These are the key concepts you need to understand to accurately answer the question.

Stoichiometry
Stoichiometry is a fundamental concept in chemistry that helps us understand the relationships between the amounts of reactants and products in chemical reactions. It is all about the quantitative relationships.
These relationships are derived from the balanced chemical equation, giving us the tools to calculate how much of each substance is needed or produced.

By using stoichiometry:
  • We can identify limiting reactants, which are the reactants that will be consumed first in the reaction, therefore determining the amount of products formed.
  • We can predict the amounts of products from given quantities of reactants using mole ratios derived from the balanced equation.
  • It ensures that mass is conserved in chemical reactions, as we can track the number of moles and subsequently the number of molecules for each substance involved.
Understanding stoichiometry is key for anyone working in chemistry fields, as it is a cornerstone for predicting reaction outcomes and designing experiments.
Balanced Chemical Equation
A balanced chemical equation provides a recipe for a chemical reaction.
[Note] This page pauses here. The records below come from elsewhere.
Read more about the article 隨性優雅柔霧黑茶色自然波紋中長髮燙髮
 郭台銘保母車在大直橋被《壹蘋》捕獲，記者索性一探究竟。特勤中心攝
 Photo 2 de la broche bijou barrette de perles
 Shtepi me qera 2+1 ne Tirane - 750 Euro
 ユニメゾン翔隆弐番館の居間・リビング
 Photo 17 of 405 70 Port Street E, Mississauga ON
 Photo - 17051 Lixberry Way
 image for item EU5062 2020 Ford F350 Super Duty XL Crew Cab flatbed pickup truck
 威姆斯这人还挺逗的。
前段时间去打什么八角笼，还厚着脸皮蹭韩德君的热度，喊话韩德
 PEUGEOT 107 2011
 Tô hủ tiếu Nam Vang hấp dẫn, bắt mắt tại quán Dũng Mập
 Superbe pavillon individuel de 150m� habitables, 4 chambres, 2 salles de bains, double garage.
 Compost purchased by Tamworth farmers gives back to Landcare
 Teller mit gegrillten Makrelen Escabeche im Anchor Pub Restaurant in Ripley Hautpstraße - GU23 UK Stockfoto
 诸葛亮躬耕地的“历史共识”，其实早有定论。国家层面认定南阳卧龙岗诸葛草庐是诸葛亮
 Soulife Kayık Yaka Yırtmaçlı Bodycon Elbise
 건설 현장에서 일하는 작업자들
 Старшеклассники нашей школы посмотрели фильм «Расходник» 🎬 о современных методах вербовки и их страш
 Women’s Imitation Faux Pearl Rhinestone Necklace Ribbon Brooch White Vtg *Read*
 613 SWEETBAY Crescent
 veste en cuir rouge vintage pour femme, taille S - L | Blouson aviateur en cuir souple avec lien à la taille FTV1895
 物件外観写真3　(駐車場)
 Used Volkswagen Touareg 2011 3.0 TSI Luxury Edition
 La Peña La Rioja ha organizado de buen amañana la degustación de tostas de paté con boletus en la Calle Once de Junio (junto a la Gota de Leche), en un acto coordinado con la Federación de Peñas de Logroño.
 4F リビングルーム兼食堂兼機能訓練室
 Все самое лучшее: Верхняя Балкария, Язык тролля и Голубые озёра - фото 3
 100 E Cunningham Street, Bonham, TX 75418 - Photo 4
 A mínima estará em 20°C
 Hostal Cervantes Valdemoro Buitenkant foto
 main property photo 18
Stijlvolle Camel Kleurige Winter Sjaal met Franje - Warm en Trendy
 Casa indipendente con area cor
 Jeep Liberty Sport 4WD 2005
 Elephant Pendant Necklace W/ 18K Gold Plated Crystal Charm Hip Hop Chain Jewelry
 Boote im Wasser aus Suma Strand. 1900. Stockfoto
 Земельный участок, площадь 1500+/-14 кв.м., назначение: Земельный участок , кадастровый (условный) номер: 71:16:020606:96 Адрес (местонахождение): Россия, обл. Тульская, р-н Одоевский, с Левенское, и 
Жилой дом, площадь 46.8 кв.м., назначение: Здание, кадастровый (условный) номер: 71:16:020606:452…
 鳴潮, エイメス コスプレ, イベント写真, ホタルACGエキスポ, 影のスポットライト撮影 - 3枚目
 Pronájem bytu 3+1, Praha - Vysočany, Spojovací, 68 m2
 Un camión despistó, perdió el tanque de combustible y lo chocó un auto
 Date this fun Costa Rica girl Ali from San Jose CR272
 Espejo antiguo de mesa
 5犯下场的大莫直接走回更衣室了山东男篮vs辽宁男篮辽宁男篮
It shows the reactants (starting materials) and products (end materials), as well as their respective quantities. The coefficients in front of each substance demonstrate how many units, such as atoms or molecules, are involved.

For instance, the chemical equation in our exercise:
  • \[4 \mathrm{NH}_3(g) + 5 \mathrm{O}_2(g) \rightarrow 4 \mathrm{NO}(g) + 6 \mathrm{H}_2O(g)\]
denotes that 4 molecules of \( \mathrm{NH}_3 \) react with 5 molecules of \( \mathrm{O}_2 \) to produce 4 molecules of \( \mathrm{NO} \) and 6 molecules of \( \mathrm{H}_2O \).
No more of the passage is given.